2. When there is any just suspicion of fraud or forgery, the defense should be made below, and the evidence to support the charge should appeal on the record.
3. The want of approval of a grant by the departmental assembly does not affect its validity.
Johnson and others, the respondents, claimed title under the Mexican government, through one Chaves, to a tract of land called Pleyto, lying in the present County of Monterey, State of California, and containing about three leagues, which land he had petitioned for on the 2d of June, 1845. The deed to Chaves purported to be made on the 18th July, 1845, by Pio Pico, one of the Mexican governors of California, and it recited that "the necessary steps and investigations were previously taken and made in conformity with the requirements of laws and regulations." On the 8th May, 1846, the "expediente" * was laid before the departmental
assembly, and was ordered to be referred to the Committee on Vacant Lands. The land asked for by Chaves having been once occupied by a community of priests of the mission of St. Antonio, and being said to have a house upon it which they had built, the committee recommended that
"the expediente be remitted to the authorities of that jurisdiction to be reported on, and to the person in charge of San Antonio, in order that he may say in what condition that house was at the time the grant was made, so that it might be valued, and that community be indemnified, to avoid questions relative to the expediente, to the end that, after these proceedings are concluded, the respective approval may be given."

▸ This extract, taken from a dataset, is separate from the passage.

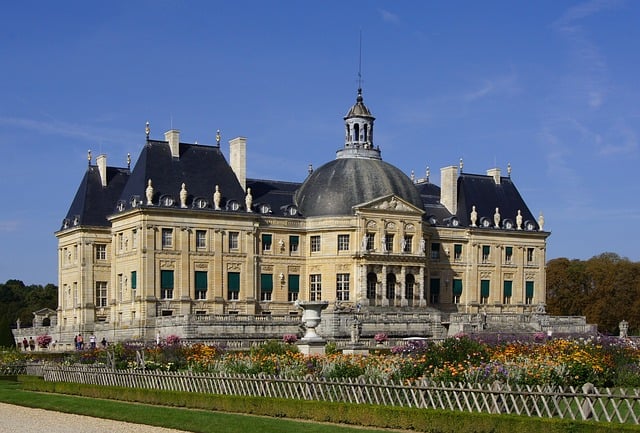 best day tours from paris france Vaux le vicomte chateau-849281_640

The departmental assembly, thus referring it, was soon afterwards dissolved, and nothing further done. The original grant made it a condition that Chaves should occupy the land, which there was evidence, though not wholly uncontradicted, that he did.
In some of the deeds through which the respondents claimed, the parties signing the deeds did not, apparently, sign them by the exact names with which, in the instruments, they were described. One deed, for example, purported to be made by Tomas Soberannes, and was signed Thomas G. Soberannes. Another purported, in the body of it, to be made by Tomas Guadaloup Soberannes, but said that the land was devised to the said Tomas Guadaloup Sanchez, under the name of Guadaloup Soberannes. It was signed T. Guadaloup Sanchez, and acknowledged T. Guadalupe Sobrannes, and so in other instances. Some of the witnesses to papers making part of the title were persons whose names had been before this Court in former cases, and had
been spoken of in judicial opinions reported as not worthy of confidence.
With these documents and this evidence, Johnson and the other claimants having presented their petition to the board of commissioners established by the act of March 3, 1851, "to ascertain and settle private land claims in the State of California," and that board having confirmed it, the United States took the case by appeal into the district court, which court having also confirmed it, the case came here, as already mentioned, the question being whether the petition for confirmation of the claim was rightly granted and affirmed.
The title of Chaves was found among the archives. The deed of Governor Pico was authenticated below by proof of his handwriting and that of his secretary, who witnessed it.